Momentum has been building in recent weeks to make women eligible for the draft following the Obama administration's decision to open all combat roles to women in the military. Both the House and Senate Armed Services committees have endorsed the idea in their annual defense policy bills approved in recent weeks and on Tuesday Senate Majority Leader Mitch McConnell, R-Kentucky, also endorsed the idea.
"Given where we are today with women in the military performing virtually all kinds of functions, I personally think it would be appropriate for them to register just like men do," McConnell told reporters.
But House GOP leaders are concerned about the proposed change, arguing it should be more broadly debated rather than included as part of the larger defense bill.
On Tuesday, the House adopted a rule governing overall debate for the defense authorization bill that strips the language concerning the draft. That means the language won't be part of the overall bill when it debated on the floor this week.
Democrats immediately decried the committee's overnight move to remove the provision concerning women in the draft.

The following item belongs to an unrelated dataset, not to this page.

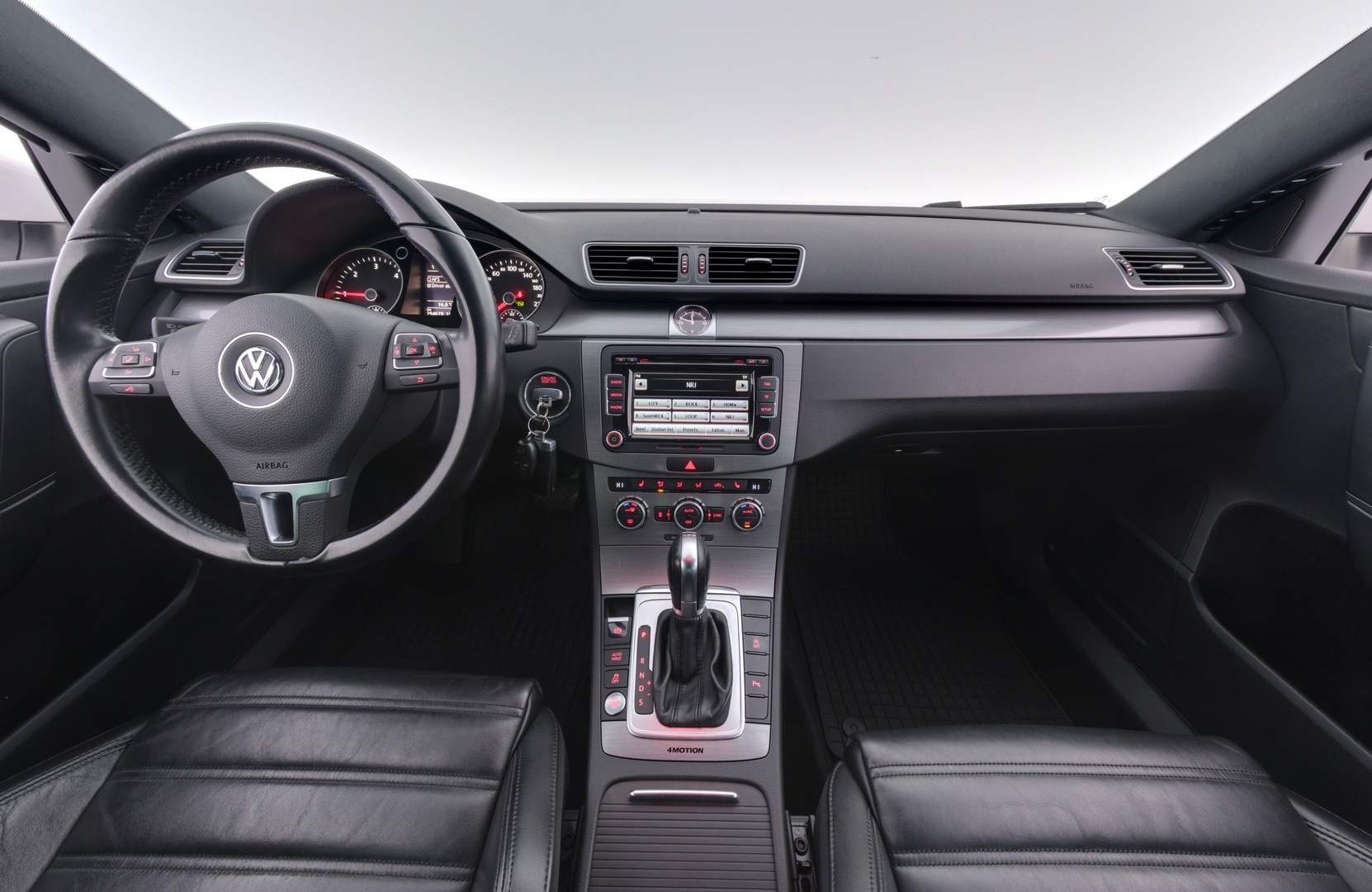 VOLKSWAGEN Passat 2014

"This is a dead-of-night attempt to take an important issue off the table," House Armed Services Committee ranking member Adam Smith, D-Washington, said in a statement Tuesday, taking aim at Rules Committee Chairman Pete Sessions, R-Texas, for being "so concerned about a vote on women's equality in the military" that he spearheaded the move.
Sessions is one of a handful of Republicans who filed amendments to strip out the section of the bill expanding the draft to women. Of the 60 amendments expected to receive votes Tuesday, Sessions' proposal is the only one that is considered approved when the rule is adopted.
Sessions' amendment would replace the language regarding women in the draft with a requirement for a study to examine the continued usefulness of the draft and how Selective Service registration would be impacted by expanding it to include women.
"One is there has not been a review of whether we need Selective Service since 1994," House Armed Services Chairman Mac Thornberry, R-Texas, told reporters Tuesday. "And so my strong view is that we need to ask the big questions and figure out whether we need it. If so, for what purpose? What would happen if we did away with it? If we do have it, who's going to be involved?"